O Superior Tribunal de Justiça (STJ), em decisão inédita e unânime, autorizou que mães entreguem os bebês para adoção sem a necessidade de consentimento do pai ou família biológica extensa. Esta é a primeira vez que a Corte julga este tipo de ação no Brasil.
A decisão foi tomada a favor de uma mulher assistida pela Defensoria Pública em Divinópolis (MG), que solicitou que a entrega voluntária para adoção de seu filho se desse sem o conhecimento do pai, com quem não possui nenhum tipo de relação, e da família extensa.
No relatório social, a mãe disse que no momento que soube da gravidez, já sabia que não teria condições de criar o bebê.
“A forma como ganho dinheiro é fazendo minhas faxina. Como eu iria trabalhar nelas tendo um bebê e não tendo ninguém para me ajudar a cuidar dele?”, questionou.
Ao ser perguntada sobre a possibilidade de deixar a criança sob os cuidados da família, ela revelou que não permitiria, visto que sua mãe não cuidou dos próprios filhos e tem 12 netos com os quais não tem qualquer vínculo afetivo e suas duas irmãs têm “casamentos ruins” e situação financeira complicada.

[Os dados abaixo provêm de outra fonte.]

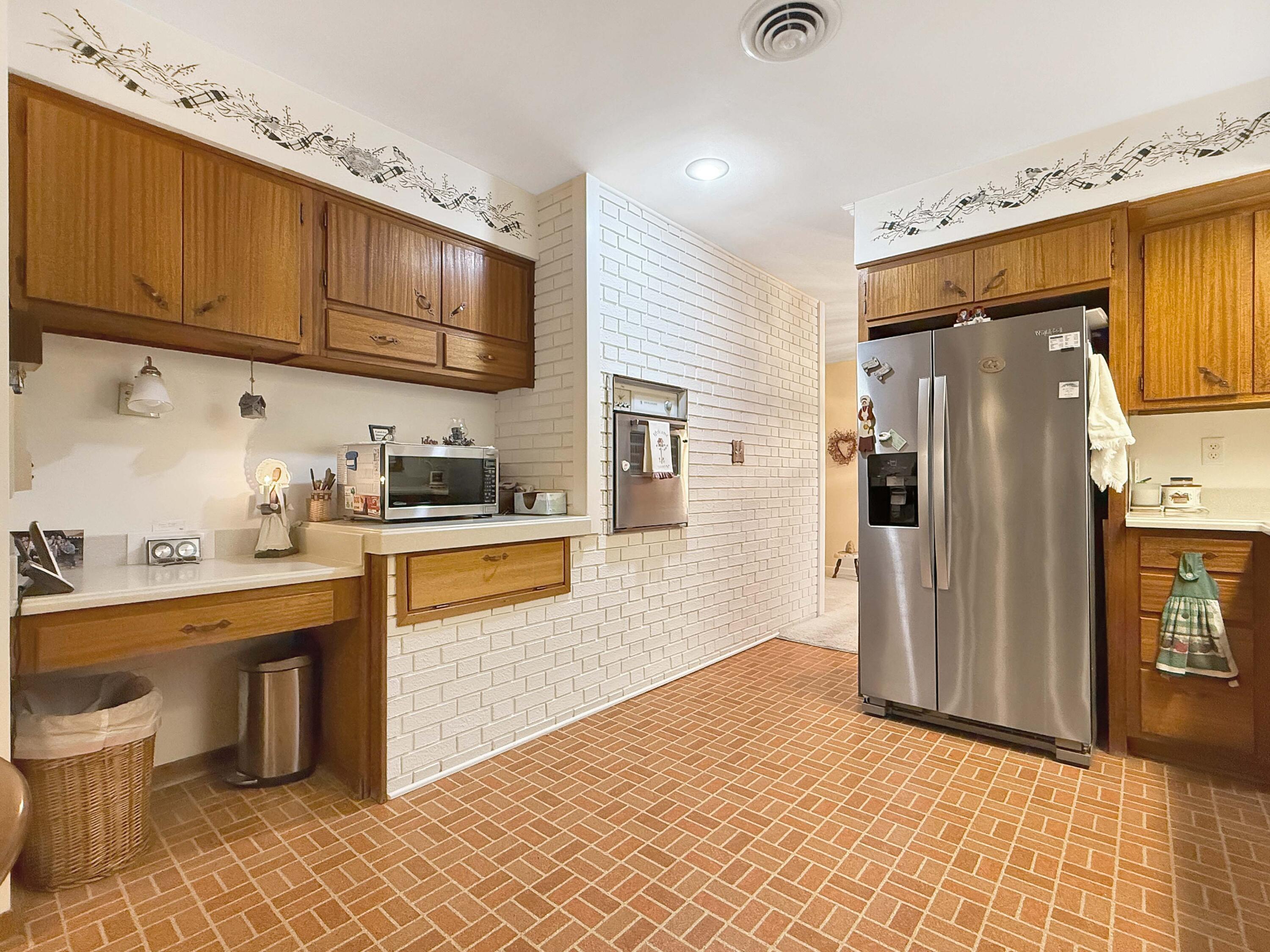 964 Bon Air, Urbana, Ohio 43078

O juízo reconheceu, em primeira instância, o direito da mãe de entregar o bebê para adoção depois de comprovar que a família também não tinha condições de criar a criança. No entanto, o Ministério Público (MP) recorreu da decisão, defendendo que, apesar do nome do pai não ter sido divulgado, o sigilo não se estenderia à família extensa, que deveria ser consultada.

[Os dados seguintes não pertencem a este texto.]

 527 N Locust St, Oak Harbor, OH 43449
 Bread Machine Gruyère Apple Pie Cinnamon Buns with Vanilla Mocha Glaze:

O Tribunal de Justiça de Minas Gerais (TJMG) aceitou o recurso do MP e revogou a decisão inicial, estabelecendo que a criança fosse colocada em uma família substituta, mantendo o sigilo do nascimento somente em relação à família extensa.
O que levou a Defensoria Pública a recorrer da decisão, levando-a ao STJ, que manteve a decisão da primeira instância.
Decisão amparada no ECA
O ministro do STJ Moura Ribeiro, relator do caso, ressaltou que a Lei 13.509/2017 introduziu no Estatuto da Criança e do Adolescente (ECA) o instituto da “entrega voluntária”, previsto no artigo 19-A, permitindo que a gestante ou parturiente, antes ou logo após o parto, opte por entregar judicialmente o filho para adoção, sem exercer os direitos parentais.
Segundo o relator, essa nova abordagem garantirá uma alternativa mais segura e humanizada, voltada para a proteção da vida digna do recém-nascido e para evitar práticas como o aborto clandestino e abandono irregular de crianças.
“O instituto agrega, ao mesmo tempo, o indisponível direito à vida, à saúde e à dignidade do recém-nascido, assim como o direito de liberdade da mãe. Ela terá a liberdade de dispor do filho sem ser prejulgada, discriminada ou responsabilizada na esfera criminal”, afirmou Moura Ribeiro.
O relator, em seu voto, disse que “no caso concreto, o estudo social realizado com a mãe concluiu que a decisão de entrega do seu filho para adoção foi refletida e madura, se baseou em argumentos lógicos e concretos, no exercício livre e responsável de sua autonomia como mulher madura e ciente das suas obrigações e de que também não poderia, mesmo se quisesse, contar com a família extensa da criança”.
A defensora pública Karina Roscoe Zanetti, da Defensoria dos Direitos das Crianças e dos Adolescentes na Unidade da DPMG em Divinópolis, defendeu que é preciso respeitar o direito ao sigilo da mãe.
“Conseguimos garantir isso por meio da decisão do STJ, que entendeu e adotou a melhor interpretação possível da lei. E esta decisão agora torna-se um parâmetro nacional de respeito àquela mãe que, normalmente, desconhece este direito. Com esta decisão, mulheres que se encontram nesta situação sabem que poderão ser acolhidas no judiciário e não sofrerão um escrutínio geral de sua vida”, completou a defensora pública.